● **How to complete this task**
If a line in the entries below includes the string "Dining", copy it out.

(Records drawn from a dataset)

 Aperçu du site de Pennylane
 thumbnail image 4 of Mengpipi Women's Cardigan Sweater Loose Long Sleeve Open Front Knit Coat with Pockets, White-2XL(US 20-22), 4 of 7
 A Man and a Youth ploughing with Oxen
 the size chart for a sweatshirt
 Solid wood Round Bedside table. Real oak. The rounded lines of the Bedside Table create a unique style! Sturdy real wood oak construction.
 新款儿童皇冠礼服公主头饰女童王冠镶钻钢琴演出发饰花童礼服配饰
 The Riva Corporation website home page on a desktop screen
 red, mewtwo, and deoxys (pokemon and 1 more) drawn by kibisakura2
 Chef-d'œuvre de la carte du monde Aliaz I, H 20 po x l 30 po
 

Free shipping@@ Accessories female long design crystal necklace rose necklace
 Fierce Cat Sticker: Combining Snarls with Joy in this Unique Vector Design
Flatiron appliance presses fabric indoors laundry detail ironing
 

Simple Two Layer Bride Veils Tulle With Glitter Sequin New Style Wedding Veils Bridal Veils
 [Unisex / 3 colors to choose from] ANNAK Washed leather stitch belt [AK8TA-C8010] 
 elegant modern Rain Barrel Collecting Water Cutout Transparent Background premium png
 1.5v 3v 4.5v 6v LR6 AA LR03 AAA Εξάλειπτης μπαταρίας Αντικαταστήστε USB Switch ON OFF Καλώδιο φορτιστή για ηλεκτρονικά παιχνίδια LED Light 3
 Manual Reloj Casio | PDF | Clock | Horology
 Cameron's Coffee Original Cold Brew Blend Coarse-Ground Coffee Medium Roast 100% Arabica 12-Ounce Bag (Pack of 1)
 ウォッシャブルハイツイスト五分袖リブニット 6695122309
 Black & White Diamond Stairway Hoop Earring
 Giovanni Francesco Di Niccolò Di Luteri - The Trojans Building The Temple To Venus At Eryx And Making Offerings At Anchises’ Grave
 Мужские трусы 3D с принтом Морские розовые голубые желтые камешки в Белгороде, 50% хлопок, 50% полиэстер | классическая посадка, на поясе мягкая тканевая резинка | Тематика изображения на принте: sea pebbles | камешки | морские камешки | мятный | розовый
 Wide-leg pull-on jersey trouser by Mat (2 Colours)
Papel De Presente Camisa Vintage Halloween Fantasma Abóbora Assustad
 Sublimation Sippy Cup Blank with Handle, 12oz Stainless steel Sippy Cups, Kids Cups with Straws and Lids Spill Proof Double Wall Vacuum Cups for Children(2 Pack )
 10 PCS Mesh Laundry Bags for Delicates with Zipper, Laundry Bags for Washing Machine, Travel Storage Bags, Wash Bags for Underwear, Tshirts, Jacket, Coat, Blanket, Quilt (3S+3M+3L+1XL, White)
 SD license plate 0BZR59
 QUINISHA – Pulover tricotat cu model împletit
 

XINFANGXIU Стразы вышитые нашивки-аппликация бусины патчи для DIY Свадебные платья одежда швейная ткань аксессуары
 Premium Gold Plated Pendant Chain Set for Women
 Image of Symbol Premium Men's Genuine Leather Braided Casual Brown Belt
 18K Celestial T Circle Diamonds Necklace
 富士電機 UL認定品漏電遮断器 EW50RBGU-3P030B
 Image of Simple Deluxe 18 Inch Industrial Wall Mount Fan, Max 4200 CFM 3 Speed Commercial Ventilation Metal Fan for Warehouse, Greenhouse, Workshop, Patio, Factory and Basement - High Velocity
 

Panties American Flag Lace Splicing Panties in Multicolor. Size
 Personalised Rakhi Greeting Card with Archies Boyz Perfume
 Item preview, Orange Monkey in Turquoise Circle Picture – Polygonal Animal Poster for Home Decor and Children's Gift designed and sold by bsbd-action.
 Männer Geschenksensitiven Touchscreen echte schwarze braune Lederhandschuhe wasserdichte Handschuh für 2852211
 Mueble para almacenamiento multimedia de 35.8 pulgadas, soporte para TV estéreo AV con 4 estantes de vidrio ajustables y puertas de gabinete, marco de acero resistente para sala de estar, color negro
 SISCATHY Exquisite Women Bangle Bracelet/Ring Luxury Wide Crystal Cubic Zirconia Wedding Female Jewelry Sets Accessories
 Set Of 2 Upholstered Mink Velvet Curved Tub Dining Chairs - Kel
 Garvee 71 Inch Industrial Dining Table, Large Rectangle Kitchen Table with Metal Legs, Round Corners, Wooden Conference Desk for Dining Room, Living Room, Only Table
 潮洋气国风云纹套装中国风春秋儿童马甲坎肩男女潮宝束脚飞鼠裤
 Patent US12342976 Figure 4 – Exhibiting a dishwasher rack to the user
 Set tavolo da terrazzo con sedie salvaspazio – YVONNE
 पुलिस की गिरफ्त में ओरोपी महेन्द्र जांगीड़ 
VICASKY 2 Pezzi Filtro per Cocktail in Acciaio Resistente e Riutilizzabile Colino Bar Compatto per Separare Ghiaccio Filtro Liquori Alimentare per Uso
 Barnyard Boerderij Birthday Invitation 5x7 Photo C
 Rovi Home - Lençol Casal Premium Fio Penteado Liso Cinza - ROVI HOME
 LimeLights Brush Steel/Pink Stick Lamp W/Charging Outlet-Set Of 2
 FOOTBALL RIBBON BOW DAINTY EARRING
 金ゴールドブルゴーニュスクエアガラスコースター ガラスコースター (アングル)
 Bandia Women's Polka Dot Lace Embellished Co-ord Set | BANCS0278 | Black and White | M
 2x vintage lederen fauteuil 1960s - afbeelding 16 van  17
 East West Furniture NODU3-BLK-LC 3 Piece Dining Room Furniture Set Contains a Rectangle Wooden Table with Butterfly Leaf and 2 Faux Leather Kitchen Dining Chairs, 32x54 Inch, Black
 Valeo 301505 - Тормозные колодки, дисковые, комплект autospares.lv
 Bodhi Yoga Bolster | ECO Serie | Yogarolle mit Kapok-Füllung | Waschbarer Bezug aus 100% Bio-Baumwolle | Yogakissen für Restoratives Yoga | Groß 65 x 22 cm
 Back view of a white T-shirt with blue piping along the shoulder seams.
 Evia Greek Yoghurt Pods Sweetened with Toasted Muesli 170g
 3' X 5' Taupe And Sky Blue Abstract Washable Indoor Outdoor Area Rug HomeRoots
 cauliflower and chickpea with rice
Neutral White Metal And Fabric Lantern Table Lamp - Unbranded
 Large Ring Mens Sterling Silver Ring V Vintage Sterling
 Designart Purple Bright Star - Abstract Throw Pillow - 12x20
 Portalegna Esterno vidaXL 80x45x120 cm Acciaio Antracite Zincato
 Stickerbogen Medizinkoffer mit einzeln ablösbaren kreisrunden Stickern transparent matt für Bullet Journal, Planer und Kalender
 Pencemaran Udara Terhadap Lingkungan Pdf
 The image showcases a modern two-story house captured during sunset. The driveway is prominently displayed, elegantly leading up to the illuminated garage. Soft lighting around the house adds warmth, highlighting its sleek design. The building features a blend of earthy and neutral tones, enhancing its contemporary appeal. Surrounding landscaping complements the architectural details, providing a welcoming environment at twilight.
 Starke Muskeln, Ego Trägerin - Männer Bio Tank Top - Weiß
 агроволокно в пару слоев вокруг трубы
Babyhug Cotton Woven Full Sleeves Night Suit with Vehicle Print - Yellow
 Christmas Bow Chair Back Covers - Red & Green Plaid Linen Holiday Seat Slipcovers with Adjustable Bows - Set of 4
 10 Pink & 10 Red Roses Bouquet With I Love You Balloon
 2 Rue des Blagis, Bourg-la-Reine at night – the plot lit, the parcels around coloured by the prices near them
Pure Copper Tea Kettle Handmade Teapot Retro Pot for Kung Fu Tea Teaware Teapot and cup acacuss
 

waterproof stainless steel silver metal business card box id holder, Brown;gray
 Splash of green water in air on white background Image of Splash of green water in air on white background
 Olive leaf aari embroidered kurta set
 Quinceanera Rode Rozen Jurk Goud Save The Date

● **Output of the exercise**
 Set Of 2 Upholstered Mink Velvet Curved Tub Dining Chairs - Kel
 Garvee 71 Inch Industrial Dining Table, Large Rectangle Kitchen Table with Metal Legs, Round Corners, Wooden Conference Desk for Dining Room, Living Room, Only Table
 East West Furniture NODU3-BLK-LC 3 Piece Dining Room Furniture Set Contains a Rectangle Wooden Table with Butterfly Leaf and 2 Faux Leather Kitchen Dining Chairs, 32x54 Inch, Black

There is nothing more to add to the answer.